3 Data Structures

Initially, plankton surveys were included as part of the trawl database. However, it soon became apparent that the trawl data structures were not suitable for plankton catch data.

Therefore, a separate database, plankton, was created that, at the conceptual level, is very similar to trawl [Mackay, K. 1998: Marine Research database documentation. 6. trawl. NIWA Greta Point Internal Report No. 6. 35p.], but has attributes specific to plankton catches. This has the advantage of allowing easy access to related trawl survey data.

3.1 Table Relationships

This database contains several tables. The ERD for plankton (Figure 1) shows the physical data model structure [Also known as a database schema.] of the database and its entities (each entity is implemented as a database table) and relationships between these tables. Each table represents an object, event, or concept in the real world that has been represented in the database. Each attribute of a table is a defining property or quality of the table.

All of the table's attributes are shown in the ERD. The underlined attributes represent the table's primary key [A primary key is an attribute or a combination of attributes that contains an unqiue value to identify that record.]. This schema is valid regardless of the database system chosen, and it can remain correct even if the Database Management System (DBMS) is changed.

Note that Figure 1 shows the main tables only. Some of the tables in the plankton database have attributes, called foreign keys [A foreign key is any attribute, or a combination of attributes, in a table that is a primary key of another table. Tables are linked together through foreign keys.], which contain standard NIWA fisheries codes, such as species. These attributes provide links to tables in plankton and the rdb (research database) database, which contains the definitive list of standard codes. An expanded ERD for these tables is shown in Figure 2.

Section 5 shows a listing of all the plankton tables as implemented by the Empress DBMS. As can be seen in the listing of the tables, a table's primary key has an unique index on it. Primary keys are generally listed using the format:

Indices: ;UNIQUE index_name ON ( attribute [ , attributes ])

where the attribute(s) make up the primary key and the index name is the primary key name. Note that the typographical convention for the above (and subsequent) format is the square brackets [ ] may contain an item that is repeated zero or more times.

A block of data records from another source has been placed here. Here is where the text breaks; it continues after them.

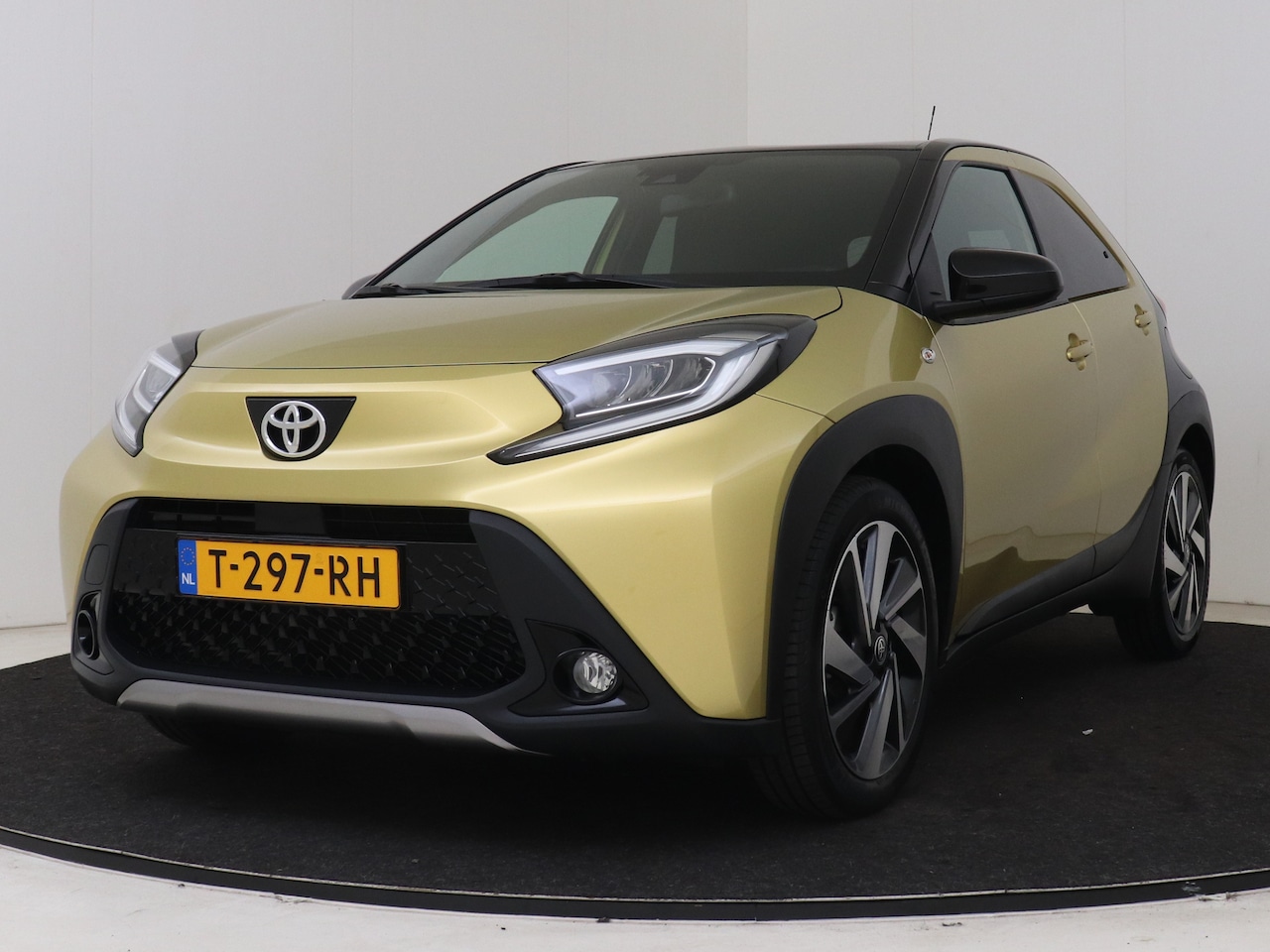 Toyota Aygo X - 1.0 VVT-i MT Envy | NL dealeronderhouden | - AutoWereld.nl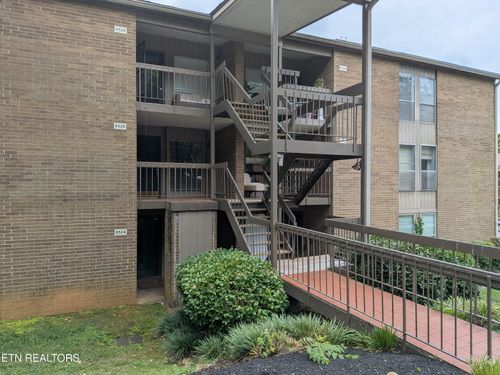 8526 Madrid Ct, Knoxville, TN, 37923-5645 | Card Image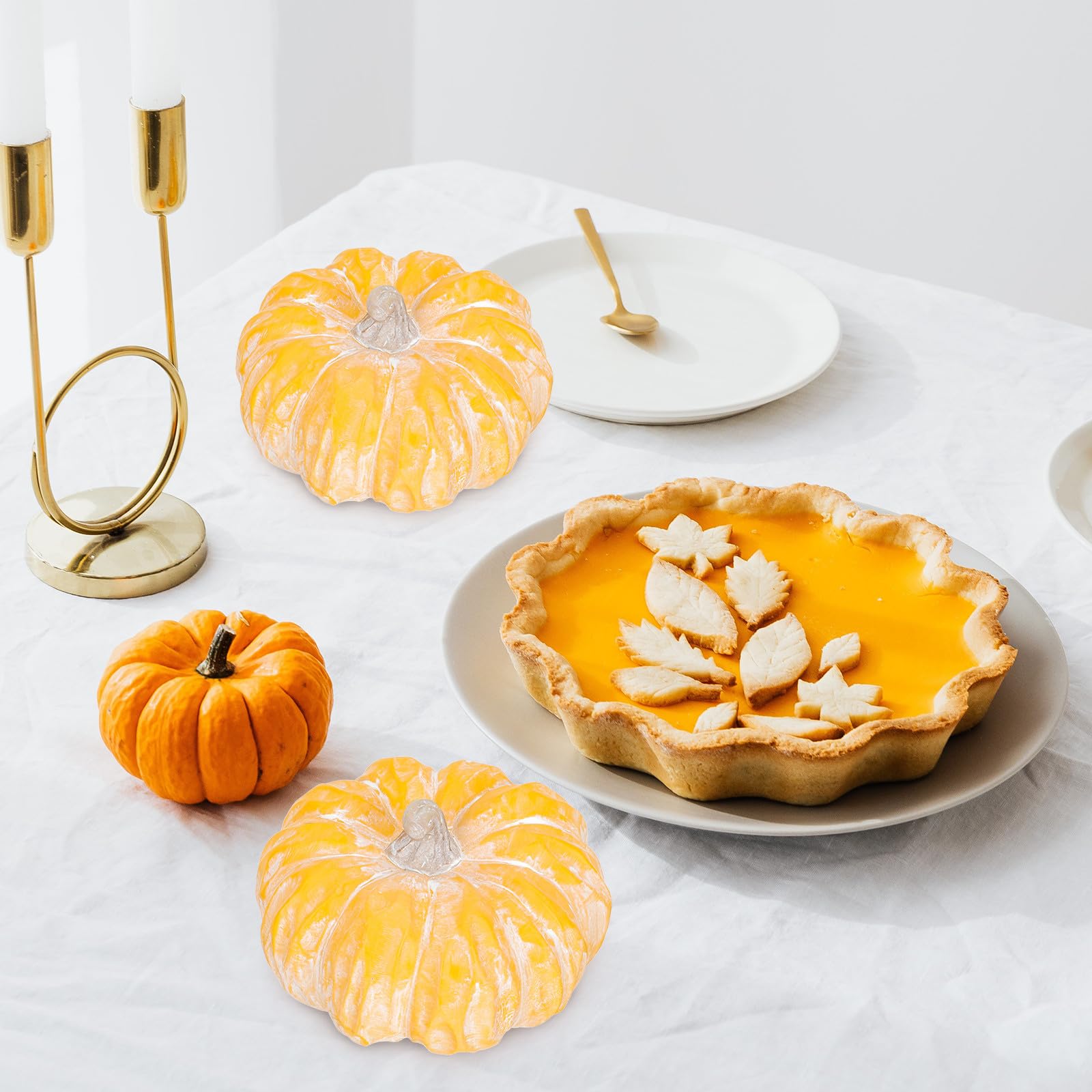 Uonlytech 2 Stück Keramik Kürbis Deko für Halloween und Thanksgiving Kleiner Gelber Kürbis als Außendekoration und Tischdeko Rustikaler Stil und Schlichte Form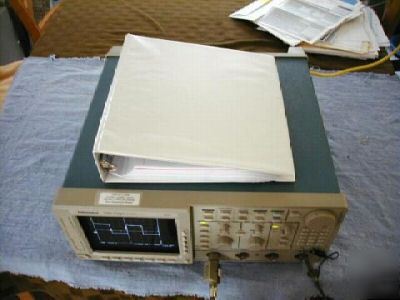 Tektronix tds 520A 500MHZ digitizing oscilloscope w/opt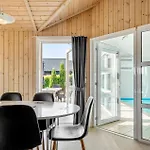 Pet Friendly In With Sauna - F04167 *
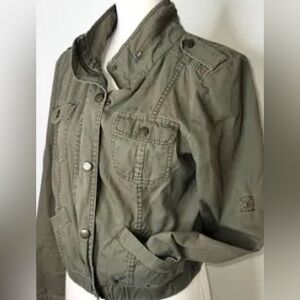 Military style cropped jacket. Good condition.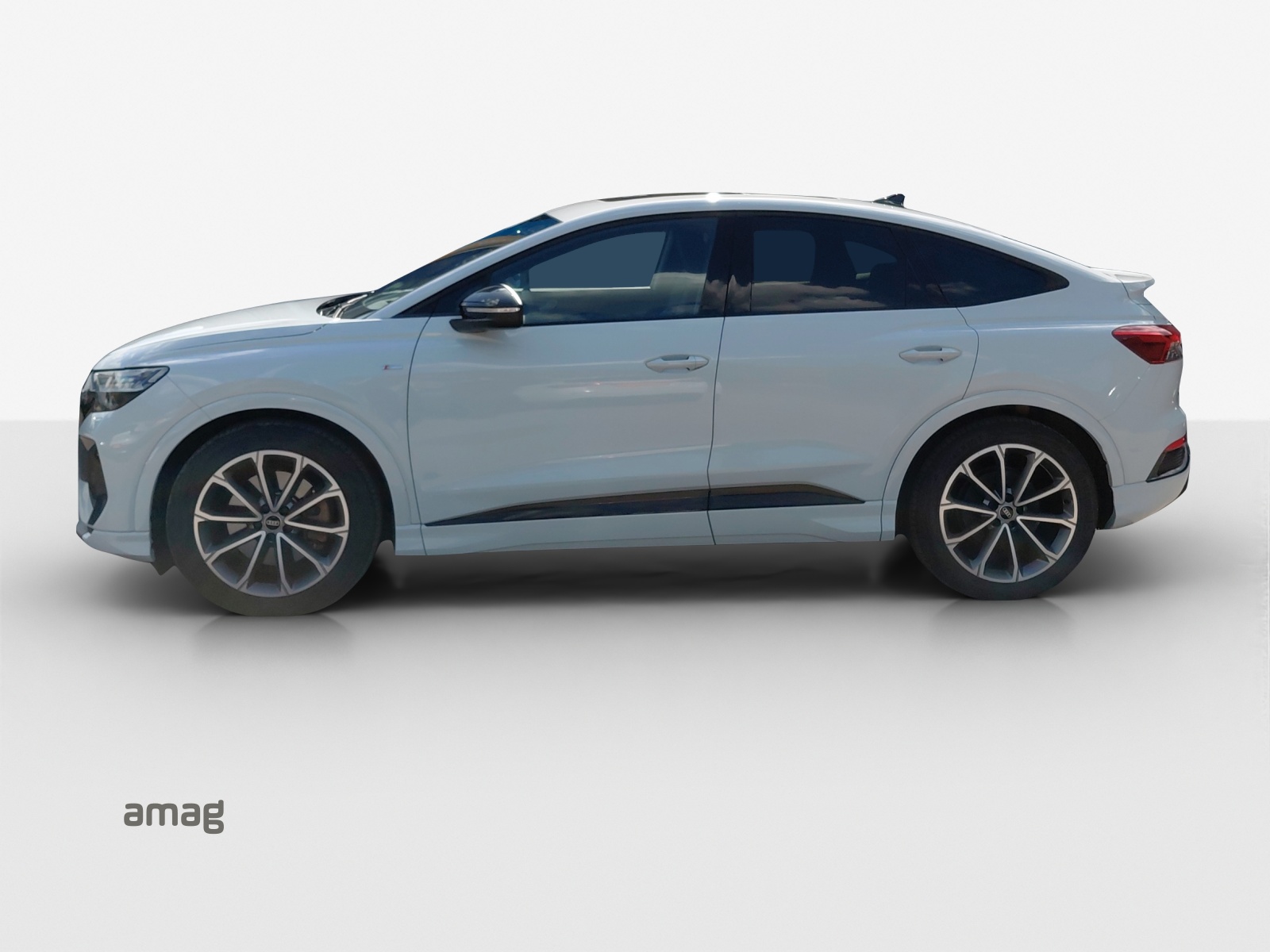 AUDI Q4 Sportback e-tron 50 quattro-showroom-element-1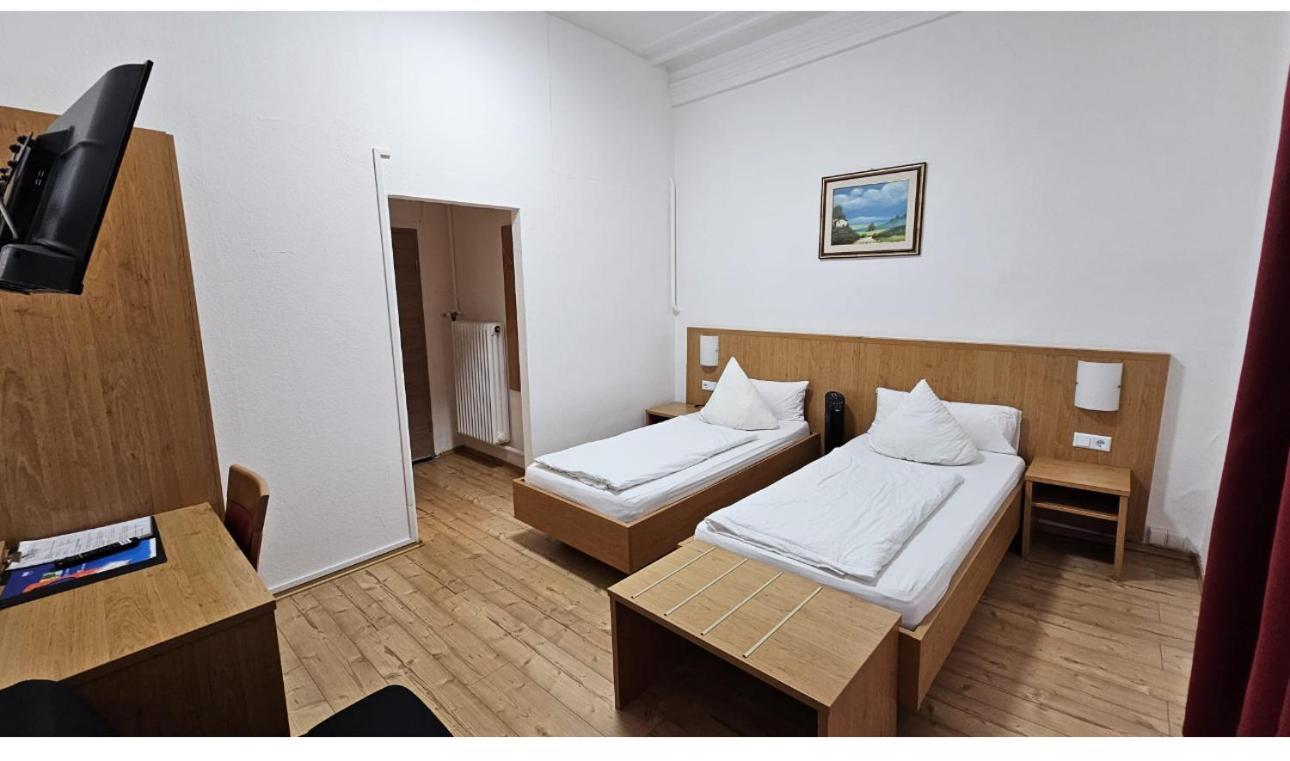 Hotel Restaurant Schwert Kehl Екстериор снимка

This unique index prevents records with duplicate key values from being inserted into the table, e.g., a new trip with an existing trip code, and hence ensures that every record can be uniquely identified.

The plankton database is implemented as a relational database. That is, each table is a special case of a mathematical construct known as a relation and hence elementary relation theory is used to deal with the data within tables and their relationships between them. All relationships in plankton are of the type one-to-many [ A one-to-many relationship is where one record in a table (the parent) relates to one or many records in another table (the child).]. This is shown in the ERD by connecting a single line (indicating "many") from the child table (e.g., t_station) to the parent table (e.g., t_trip) with an arrowhead (indicating "one") pointing to the parent.

Every relationship has a mandatory or optional aspect to it. That is, if a relationship is mandatory, then it has to occur and least once, while an optional relationship might not occur at all. For example, in Figure 1, consider that relationship between the table t_trip and it's child table t_trip_comm. The symbol "O" by the child t_trip_comm means that a fish can have zero or many trip comments, while the bar by the parent t_trip means that for every trip comment there must be a matching trip.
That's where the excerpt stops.